The Shareware Age
Posted at 09:10 on 24th May 2009 - permalink

Ten years since I started regularly writing words on the internet it has occurred to me that there might be people willing to offer me money to do this. The first fruits of this experiment can now be viewed on Eurogamer, where I’ve contributed a piece to their regular Sunday morning retro strand about the PC shareware scene of the 1980s and 1990s.

“How could the complacent PC games industry be shaken out of its torpor? Such a task called for nothing less than a revolutionary movement – an underground development scene, answerable to no marketing departments and dismissive of hidebound conventions about what PC users would consider ‘worthy’ uses of their sacred beige monoliths. Their success would hinge on the creation of fast, fluid, immersive games that would thrust the PC into the limelight and make Amiga owners involuntarily hiss with envy. Games, in a nutshell, like Doom.

“That movement was known as Shareware.”

(Read the full article on Eurogamer.)

Due to a chance sequence of events I first started playing games on the PC in 1987, so grew up more immersed in that scene than most UK and European games folk, who mostly went straight from the ZX Spectrum, BBC Micro and C64 to the Amiga and ST, and only turned to the PC when it became obvious that the Amiga was over the hill.

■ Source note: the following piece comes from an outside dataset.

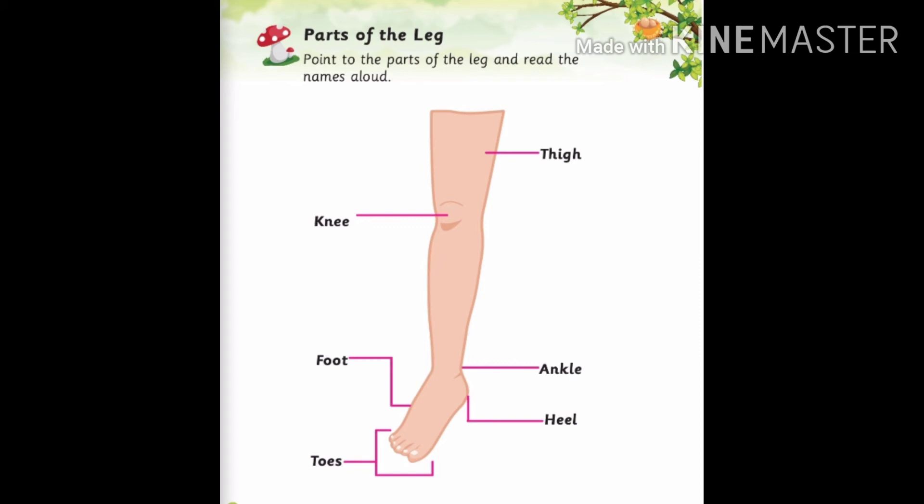Now we will learn about legs. K-N-E-E knee, F-O-O-T foot, T-O-E-S toes, T-H-I-G-H thigh, A-N-K-L-E ankle, H-E-E-L heel. All these parts together are called legs.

Writing this piece allowed me (through the wonders of DOSBox) to rediscover a lot of games that I’d completely forgotten about. It also confirmed my suspicions that the amount of information online about PC games of this period is alarmingly thin on the ground. If I’d wanted to write about the NES or the golden age arcade games I’d have had lots of sources to draw from, but in this case I had to rely on Apogee’s own retrospectives and the wild and woolly cd.textfiles.com to supplement my own hazy memories.